Exam Review: Business Studies

Review of the Business paper by Shauna Mujic & Mary Kelly

Overall, a challenging but fair paper. The well-prepared student was granted the opportunity to excel. This paper had good choice, with questions suited to all students, and did not veer too drastically away from the syllabus and textbook knowledge. It was a current and modern exam, and it was nice to see questions made relatable to students, with reference to businesses such as 4th Arc, IKEA, Rolex watches and Prime drinks.

Short questions: A mix of questions from all units, some requiring quite a lot of detail. Students will have welcomed the variety of question styles, including lots of multiple choice, business abbreviations and a calculation of the average clause. There were a couple of terms that have not previously featured in short questions- such as a Joint Labour Committee from Unit 1- however, given that students were required to answer just 8 out of 12 questions, most will have found this section still manageable.

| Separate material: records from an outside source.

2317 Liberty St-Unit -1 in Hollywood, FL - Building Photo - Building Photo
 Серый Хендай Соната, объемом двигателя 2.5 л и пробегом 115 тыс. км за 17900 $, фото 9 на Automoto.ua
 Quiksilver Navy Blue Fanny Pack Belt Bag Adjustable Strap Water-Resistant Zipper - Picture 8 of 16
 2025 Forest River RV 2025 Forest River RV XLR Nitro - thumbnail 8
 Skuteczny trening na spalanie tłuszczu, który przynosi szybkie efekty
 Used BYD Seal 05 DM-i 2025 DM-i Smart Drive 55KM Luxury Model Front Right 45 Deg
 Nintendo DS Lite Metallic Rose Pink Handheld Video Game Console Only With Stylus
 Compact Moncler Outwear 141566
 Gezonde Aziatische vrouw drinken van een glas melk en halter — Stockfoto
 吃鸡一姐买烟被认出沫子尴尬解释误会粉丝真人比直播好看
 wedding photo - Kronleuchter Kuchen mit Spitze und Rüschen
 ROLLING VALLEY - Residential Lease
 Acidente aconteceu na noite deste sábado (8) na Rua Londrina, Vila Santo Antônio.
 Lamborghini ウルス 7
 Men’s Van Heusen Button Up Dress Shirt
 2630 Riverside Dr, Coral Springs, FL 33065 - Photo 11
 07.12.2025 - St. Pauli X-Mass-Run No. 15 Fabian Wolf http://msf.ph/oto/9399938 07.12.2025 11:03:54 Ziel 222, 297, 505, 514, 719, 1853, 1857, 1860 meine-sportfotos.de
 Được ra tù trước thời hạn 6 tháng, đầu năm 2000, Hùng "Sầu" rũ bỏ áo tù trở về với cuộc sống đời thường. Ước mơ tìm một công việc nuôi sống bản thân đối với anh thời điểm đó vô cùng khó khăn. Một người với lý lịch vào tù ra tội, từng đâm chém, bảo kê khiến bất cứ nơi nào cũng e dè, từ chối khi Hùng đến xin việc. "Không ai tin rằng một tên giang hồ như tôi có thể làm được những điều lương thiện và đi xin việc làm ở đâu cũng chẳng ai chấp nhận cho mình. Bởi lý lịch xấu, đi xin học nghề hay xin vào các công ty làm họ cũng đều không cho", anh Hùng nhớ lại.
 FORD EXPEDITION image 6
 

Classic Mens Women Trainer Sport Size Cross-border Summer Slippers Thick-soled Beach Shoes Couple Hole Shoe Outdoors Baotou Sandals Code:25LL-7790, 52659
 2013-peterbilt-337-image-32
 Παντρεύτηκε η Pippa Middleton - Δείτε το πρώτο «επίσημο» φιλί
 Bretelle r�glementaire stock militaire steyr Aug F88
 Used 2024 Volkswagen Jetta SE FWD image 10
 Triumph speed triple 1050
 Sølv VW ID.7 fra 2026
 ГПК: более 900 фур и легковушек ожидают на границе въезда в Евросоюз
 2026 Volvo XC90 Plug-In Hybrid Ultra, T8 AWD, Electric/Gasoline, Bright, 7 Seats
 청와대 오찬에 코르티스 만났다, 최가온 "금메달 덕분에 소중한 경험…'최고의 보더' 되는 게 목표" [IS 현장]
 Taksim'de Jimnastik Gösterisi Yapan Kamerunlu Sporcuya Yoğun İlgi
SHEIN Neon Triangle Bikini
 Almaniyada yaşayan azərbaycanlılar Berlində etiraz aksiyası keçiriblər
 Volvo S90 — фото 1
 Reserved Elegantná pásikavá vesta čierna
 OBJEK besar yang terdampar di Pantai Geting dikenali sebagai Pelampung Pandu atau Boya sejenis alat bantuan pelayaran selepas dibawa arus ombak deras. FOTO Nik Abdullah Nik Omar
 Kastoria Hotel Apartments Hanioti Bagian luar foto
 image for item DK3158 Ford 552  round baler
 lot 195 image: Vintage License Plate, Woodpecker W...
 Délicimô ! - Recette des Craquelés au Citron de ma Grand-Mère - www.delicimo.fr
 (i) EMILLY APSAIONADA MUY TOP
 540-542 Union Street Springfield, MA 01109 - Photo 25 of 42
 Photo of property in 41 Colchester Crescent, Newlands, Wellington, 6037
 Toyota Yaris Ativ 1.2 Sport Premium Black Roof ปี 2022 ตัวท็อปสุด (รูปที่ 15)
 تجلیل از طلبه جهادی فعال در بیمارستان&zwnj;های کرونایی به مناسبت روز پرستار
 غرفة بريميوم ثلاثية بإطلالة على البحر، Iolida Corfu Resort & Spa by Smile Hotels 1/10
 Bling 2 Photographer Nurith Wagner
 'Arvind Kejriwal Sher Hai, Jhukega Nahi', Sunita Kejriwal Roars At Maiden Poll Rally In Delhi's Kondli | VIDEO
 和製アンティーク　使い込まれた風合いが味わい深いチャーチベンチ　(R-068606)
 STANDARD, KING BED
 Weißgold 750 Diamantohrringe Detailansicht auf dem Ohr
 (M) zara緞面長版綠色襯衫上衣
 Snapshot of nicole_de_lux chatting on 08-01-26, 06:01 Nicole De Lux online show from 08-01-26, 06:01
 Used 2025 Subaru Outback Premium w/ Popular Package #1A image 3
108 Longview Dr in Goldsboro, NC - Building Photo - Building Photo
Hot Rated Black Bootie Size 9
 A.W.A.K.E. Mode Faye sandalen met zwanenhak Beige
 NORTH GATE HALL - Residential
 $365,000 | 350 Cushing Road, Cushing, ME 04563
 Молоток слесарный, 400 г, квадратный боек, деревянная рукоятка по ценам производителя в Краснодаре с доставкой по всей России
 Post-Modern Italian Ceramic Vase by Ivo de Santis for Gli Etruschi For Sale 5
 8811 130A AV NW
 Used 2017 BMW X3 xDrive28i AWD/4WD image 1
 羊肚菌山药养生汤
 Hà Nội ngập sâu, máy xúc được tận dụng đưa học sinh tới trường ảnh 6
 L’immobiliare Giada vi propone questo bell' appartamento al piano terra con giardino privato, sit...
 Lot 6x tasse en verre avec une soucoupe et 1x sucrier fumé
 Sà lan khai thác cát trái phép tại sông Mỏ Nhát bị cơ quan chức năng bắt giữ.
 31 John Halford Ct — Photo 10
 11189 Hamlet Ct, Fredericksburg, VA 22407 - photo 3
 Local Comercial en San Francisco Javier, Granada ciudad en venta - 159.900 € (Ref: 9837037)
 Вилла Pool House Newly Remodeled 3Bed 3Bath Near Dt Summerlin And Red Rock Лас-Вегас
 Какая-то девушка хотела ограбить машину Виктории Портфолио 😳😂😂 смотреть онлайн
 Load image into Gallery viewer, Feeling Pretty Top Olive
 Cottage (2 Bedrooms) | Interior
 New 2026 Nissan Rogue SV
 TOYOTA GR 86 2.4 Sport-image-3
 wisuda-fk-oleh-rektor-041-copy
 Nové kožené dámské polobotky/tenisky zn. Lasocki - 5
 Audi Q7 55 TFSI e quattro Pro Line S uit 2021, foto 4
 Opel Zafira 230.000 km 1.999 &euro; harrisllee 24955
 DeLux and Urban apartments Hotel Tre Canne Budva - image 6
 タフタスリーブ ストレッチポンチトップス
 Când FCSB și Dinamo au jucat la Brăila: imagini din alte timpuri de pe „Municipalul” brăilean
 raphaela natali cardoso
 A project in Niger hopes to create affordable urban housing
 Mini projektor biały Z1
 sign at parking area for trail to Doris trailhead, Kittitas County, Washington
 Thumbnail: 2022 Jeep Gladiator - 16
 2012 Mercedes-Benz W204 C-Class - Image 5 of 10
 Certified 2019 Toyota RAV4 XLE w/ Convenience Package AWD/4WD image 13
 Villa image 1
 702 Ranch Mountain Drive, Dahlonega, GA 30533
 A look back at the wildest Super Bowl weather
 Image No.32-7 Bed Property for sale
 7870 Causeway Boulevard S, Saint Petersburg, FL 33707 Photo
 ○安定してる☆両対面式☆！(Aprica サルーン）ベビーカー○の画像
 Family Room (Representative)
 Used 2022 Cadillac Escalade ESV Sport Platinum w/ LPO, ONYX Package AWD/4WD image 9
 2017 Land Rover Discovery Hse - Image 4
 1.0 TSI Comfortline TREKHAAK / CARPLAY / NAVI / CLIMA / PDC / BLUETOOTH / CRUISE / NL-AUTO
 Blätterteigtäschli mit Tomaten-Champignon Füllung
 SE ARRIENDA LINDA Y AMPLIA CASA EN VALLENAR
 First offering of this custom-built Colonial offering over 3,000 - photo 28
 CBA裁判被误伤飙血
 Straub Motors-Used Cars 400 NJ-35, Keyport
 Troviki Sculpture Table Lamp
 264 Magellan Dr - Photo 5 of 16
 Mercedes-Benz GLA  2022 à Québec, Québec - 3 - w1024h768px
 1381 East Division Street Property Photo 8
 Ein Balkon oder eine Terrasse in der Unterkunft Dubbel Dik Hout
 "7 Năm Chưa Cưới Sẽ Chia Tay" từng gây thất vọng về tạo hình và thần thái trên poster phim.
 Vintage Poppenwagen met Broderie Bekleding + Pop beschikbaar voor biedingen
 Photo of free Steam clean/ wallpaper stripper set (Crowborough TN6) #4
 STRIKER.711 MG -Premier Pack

Applied Business Question: a challenging but fair ABQ, allowing well-prepared students the opportunity to shine. As with all ABQ questions, the points lie within the case study. The ABQ examined the well-practiced skills/characteristics of an entrepreneur, elements of a contract, and management skills. All three parts of this ABQ have featured before in recent years, so most students would have had these topics prepared for and managed it well.

Long Questions:

Students were required to answer 4 out of 8 long questions. In line with the last three years, the additional long question in part one was on Unit 1- which will have been welcomed by most.
Questions 1 & 4 were both based on Unit 1, which were some of the more challenging questions on the paper as they required a very in-depth knowledge of Unit 1’s laws and state agencies. Question 2 on unit 6 was approachable, as was question 3 on unit 7. Question 5 was a manageable question on unit 3, with the appearance of technology for the first time in a lot of years.

A balanced blend of topics from units 4 & 5 were examined within questions 6 & 7, and it was great to see an appearance of the long-awaited cashflow forecast question, which most students will have hoped for and practiced well. Ratios did make an appearance, but not as a calculation – rather that students understood some of the common terms used in ratio analysis.

Question 8; an entire question on Marketing from unit 5. Students will have welcomed the appearance of pricing and sales promotion here, which were very manageable for the practiced student. Part B on advertising was the more challenging part of this question- with the appearance of the abbreviation ASAI (Advertising Standards Authority for Ireland)- although this will only be worth a few marks, it may have put some students off attempting this otherwise very straightforward question (again, serving as a reminder to not cut oneself short in terms of units when preparing for the higher-level business exam).